■ **Task details**: Give again, exactly as written, the lines of the records below from the line with "पावसामुळे सह्याद्री कारखान्याचे गाळप बंद" to the line with "Linaria vulgaris". Both end lines count; pictures do not.

■ **Provided material**:
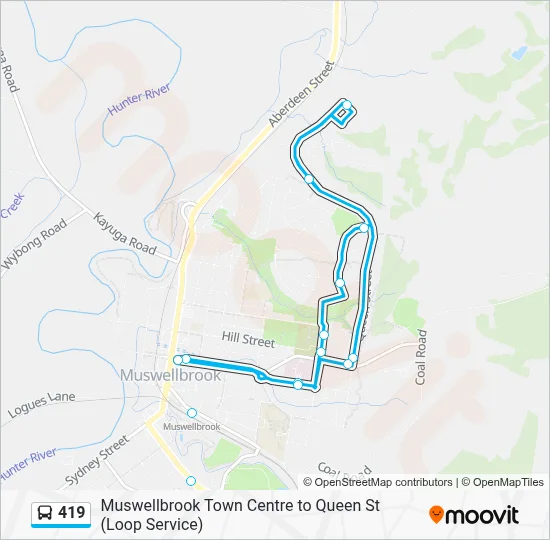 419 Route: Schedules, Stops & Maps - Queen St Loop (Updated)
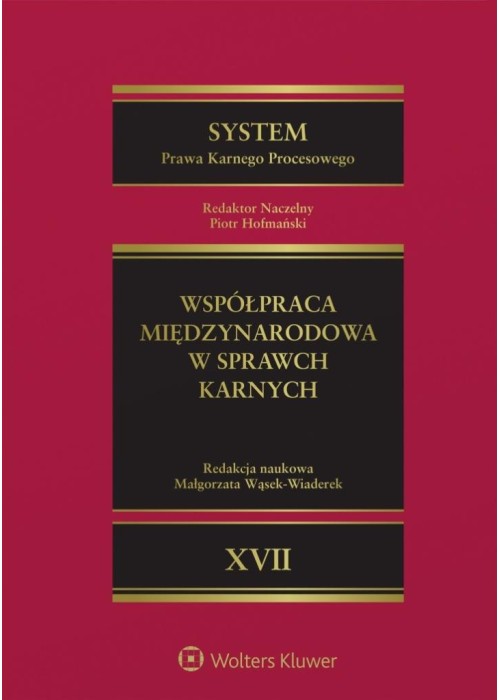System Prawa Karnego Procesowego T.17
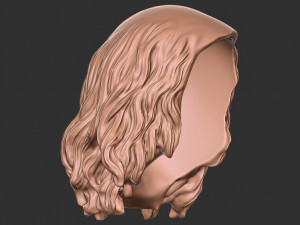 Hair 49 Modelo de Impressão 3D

---

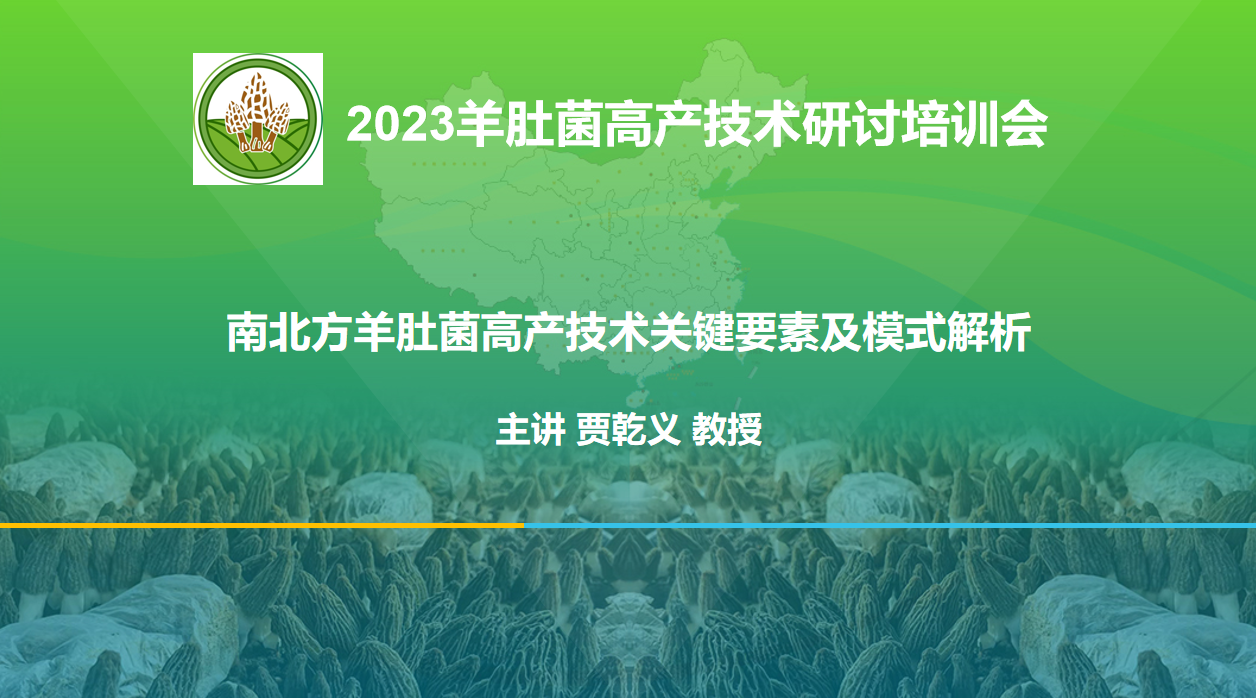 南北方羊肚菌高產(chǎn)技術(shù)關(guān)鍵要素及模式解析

---

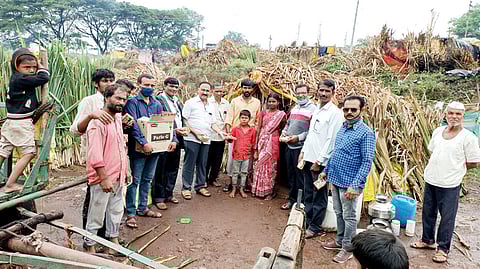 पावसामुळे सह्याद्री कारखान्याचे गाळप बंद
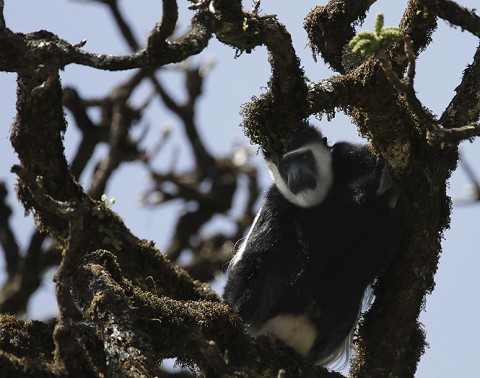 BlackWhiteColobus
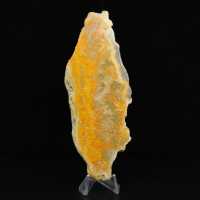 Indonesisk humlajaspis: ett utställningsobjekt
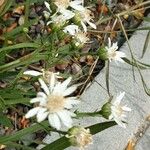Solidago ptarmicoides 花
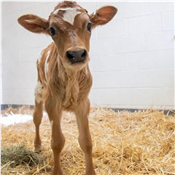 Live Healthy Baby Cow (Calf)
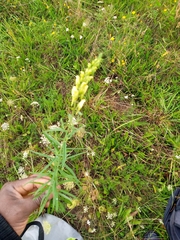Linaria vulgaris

■ **Response below**:
 पावसामुळे सह्याद्री कारखान्याचे गाळप बंद
 BlackWhiteColobus
 Indonesisk humlajaspis: ett utställningsobjekt
Solidago ptarmicoides 花
 Live Healthy Baby Cow (Calf)
Linaria vulgaris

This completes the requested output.